PBS/Torque and iteration

Marcin Cieślik

unread,

Nov 27, 2013, 9:55:59 AM11/27/13

to andur...@googlegroups.com

Hi,

I am evaluating Anduril for the use in our next-gen sequencing lab. I pleased to have been able to run basic "local" workflows and implement custom nodes. However, I have trouble in finding a good way to execute components on our PBS cluster.

- In prefix mode an arbitrary prefix is added to each component _commandline. Since different components have different computational requirements (cpu, memory, etc.) it makes sense to be able to modify these resources on a per-component basis, a single prefix will not cut it. Is this possible for prefix jobs?

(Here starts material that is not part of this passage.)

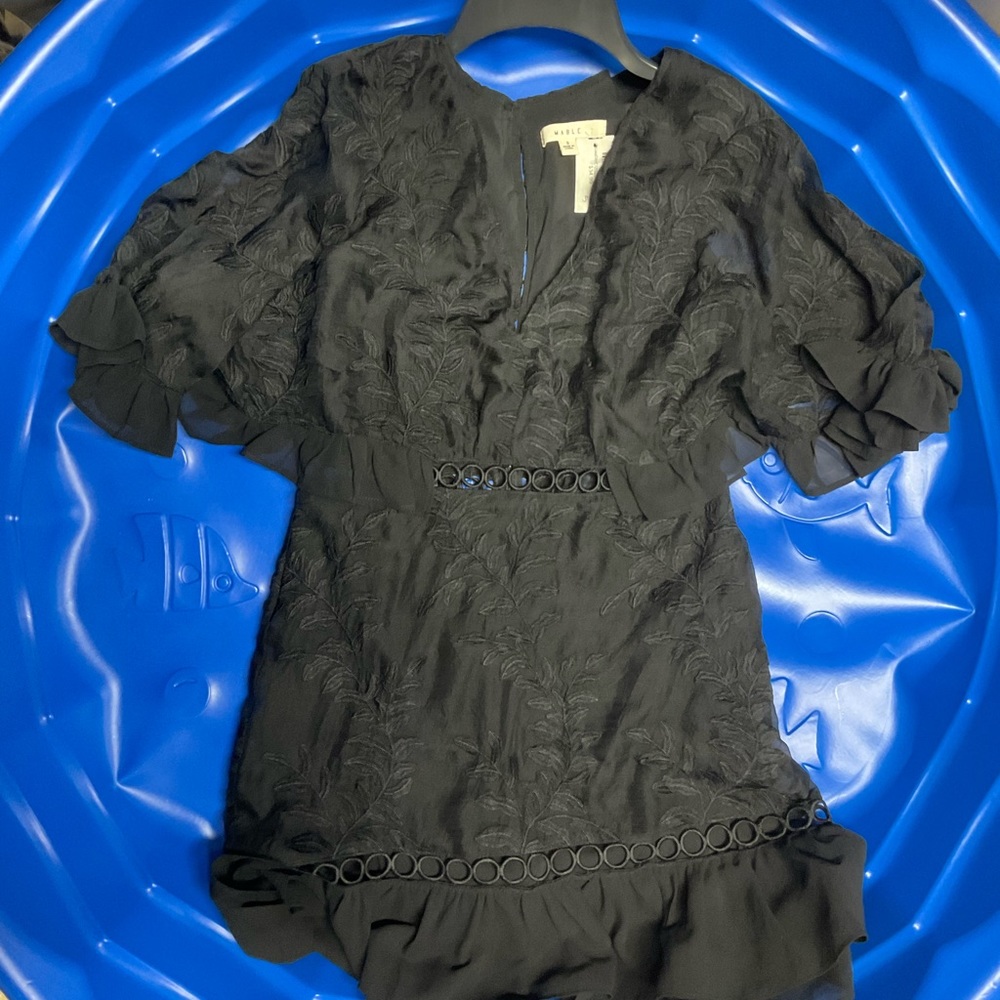 Mable Black dress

- PBS has two ways to execute jobs, "qsub" and "qsub -I" which seem equivalent to "sbatch" and "srun" in slurm ("qrun" does sth different and this is probably a mistake in the Anduril docs). Unfortunately "qsub -I" cannot be used instead of "srun" because it ignores the script (all input is interactive) and never returns. Just "qsub" on the other hand returns immediately. Do I assume correctly that Anduril assumes prefix jobs to "wait" i.e. not return until done? Along the lines of:

qwait

#!/usr/bin/env bash

JOBID=$(qsub "$@" | cut -f 1 -d '.')

STATUS="R"

while [ $STATUS = "R" ]; do

# keep running until R

sleep 1

STATUS=$(qstat $JOBID | tail -n +3 | sed 's/\s\+/ /g' | cut -f 5 -d " ")

done

- how difficult would it be to add a native "pbs" mode, could you point me to the implementation of Slurm in Anduril?

- in prefix mode it appears that paths passed to "qsub" are "local" and real (i.e. never include symlinks). So if on a local machine it is "/home/user/andruil/components" and remotely it is "/user_homes/user/andruil/components" the submitted job will fail. Since it is impossible to fake a directory structure using simlinks it appears that the prefix command will only work if the andruil workflow is started from one of the nodes with a shared filesystem. Is this correct?

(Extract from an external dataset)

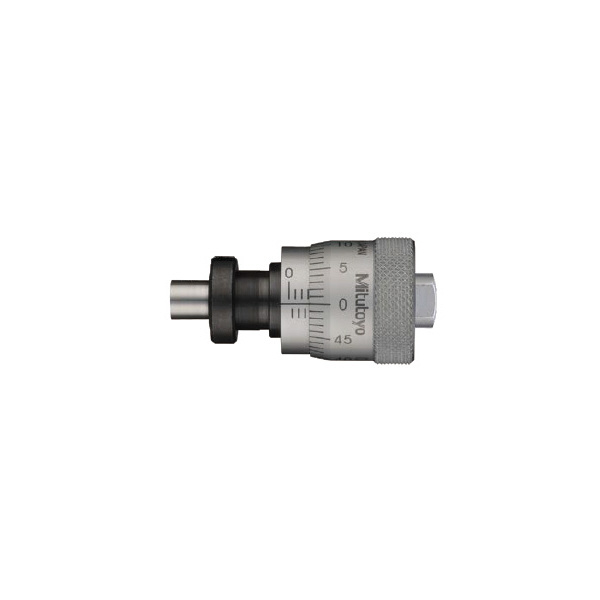 （株）ミツトヨ マイクロメータヘッド MHC マイクロメータヘッド MHC2-6.5MA 148-304-10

- lets assume I have a directory of a 100s of files and I write a pipeline which processes them one-by-one. I would want to be able to run the pipeline easily for all files, but I would also like to be able re-run it when new files appear in the directory but only for those new files. How should I accomplish this?

Thanks,

Marcin

Ville Rantanen

unread,

Nov 28, 2013, 3:08:28 AM11/28/13

to andur...@googlegroups.com

Hi, and great to hear you trying out Anduril.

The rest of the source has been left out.